### Supplied information:
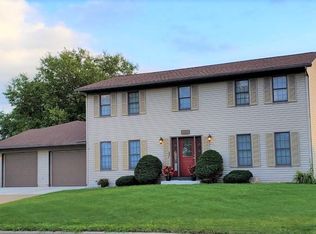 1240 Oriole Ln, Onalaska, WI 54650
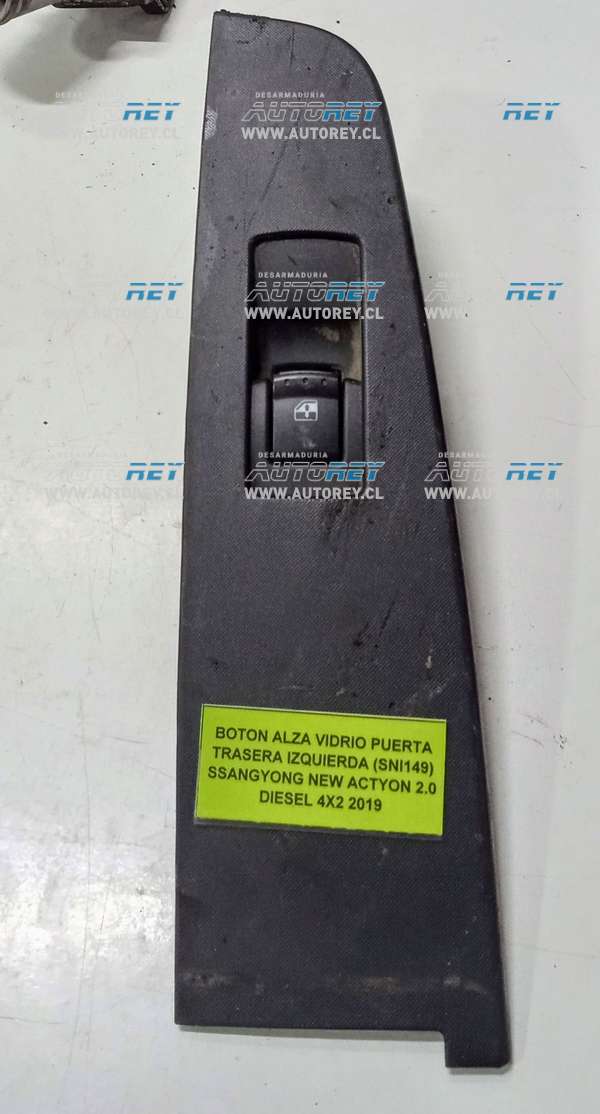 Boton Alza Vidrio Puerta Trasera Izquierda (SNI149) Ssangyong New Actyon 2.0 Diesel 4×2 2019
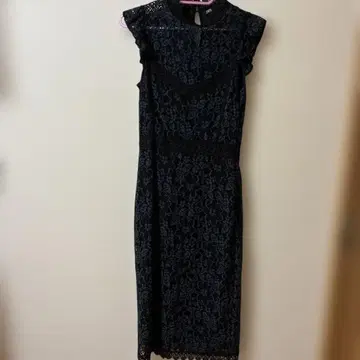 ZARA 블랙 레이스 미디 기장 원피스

### What you need to do:
If the material above contains pictures, exclude them from an otherwise exact transcription.

### Task result:
 1240 Oriole Ln, Onalaska, WI 54650
 Boton Alza Vidrio Puerta Trasera Izquierda (SNI149) Ssangyong New Actyon 2.0 Diesel 4×2 2019
 ZARA 블랙 레이스 미디 기장 원피스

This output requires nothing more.